What Purchasing Managers and Project Deciders Should Do Now
1. Separate your BOM into "at-risk" and "safe" line items immediately. Any capacitor above 1μF, especially X5R/X7R/X6S in automotive or high-temperature grades, is at-risk. Sub-1μF general-purpose parts are largely safe. Don't apply blanket hedging — it wastes cash and negotiating leverage. Triage first.
2. Lock in allocation agreements, not just purchase orders. In an allocation-driven market, a PO without a supply agreement is just a request. Prioritize longer-term agreements with primary manufacturers or authorized distributors that guarantee volume allocation, even at a price premium. Buyers without allocation agreements are the ones facing 20+ week lead times and the worst spot pricing.
3. Build strategic buffer inventory for scarce, high-value specs — deliberately, not reactively. The channel's swing from zero-inventory to panic-buying is itself a major driver of the spike. Don't add fuel to it by panic-buying at the peak, but do build a deliberate 2–3 month buffer for your top 10–20 highest-risk part numbers, sourced through qualified, professional distributors rather than opportunistic spot-market channels.
4. Push your engineering team on qualification of second sources now — before you need them. Chinese manufacturers (Sanhuan Group, Fenghua Hi-Tech) are moving up the technology curve and gaining ground in mid-to-high capacitance segments as Japanese/Korean leaders shift focus further upmarket. Qualification cycles for alternate sources take months — start now, not when your primary supplier tells you they're out of allocation.
5. Get your BOM re-reviewed for substitution opportunities, not just new sourcing. Where a design doesn't strictly require MLCC-grade thermal/ESR performance, evaluate whether tantalum, polymer, or electrolytic alternatives are viable — even though tantalum has its own price pressure right now, a mixed strategy reduces single-point exposure. This is an engineering conversation, not just a procurement one — loop in design early.
6. Reprice contracts and quotes with realistic cost escalation clauses. If you're quoting NPI or production pricing to your own customers right now, don't lock in flat capacitor cost assumptions for a 12-month program. Build in indexed pass-through language tied to published MLCC pricing trends, or you will eat margin for the life of the program.

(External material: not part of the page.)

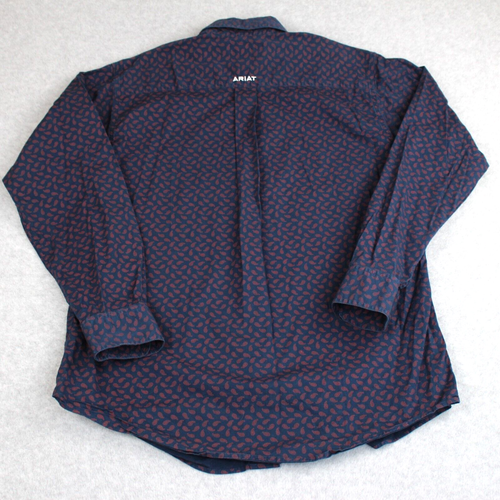 Ariat Shirt Mens M Navy/Red Paisley Button Up Long Sleeve Stretch Preppy Western - Picture 2 of 10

7. Extend your planning horizon and order earlier than feels comfortable. With lead times at 20+ weeks for high-end parts, sourcing decisions for Q1 2027 production need to be made now, not next quarter. Treat MLCC lead time the way you'd treat a custom ASIC lead time — it deserves that level of forward planning today.
8. Reassess new product designs at the BOM level before tape-out/DFM freeze. If you're mid-design on a new product, this is the moment to question every >1μF ceramic cap on the schematic: is this value actually necessary, or is it a legacy safety margin from a prior design? Every microfarad you can trim now is real cost avoided for the life of the product.
Bottom Line
This cycle is being driven by a genuine, multi-year structural shift in how AI hardware consumes passive components — not a short-term supply hiccup. Purchasing managers who treat this like 2018 (wait it out, absorb the spike, move on) will get burned on lead times and margin. The winning posture is active: triage your BOM by risk, lock in allocation rather than relying on spot buys, qualify second sources now, and build cost escalation into every quote you send out for the next several quarters. The companies that treat MLCC sourcing with the same seriousness as semiconductor allocation will be the ones still shipping on schedule in early 2027.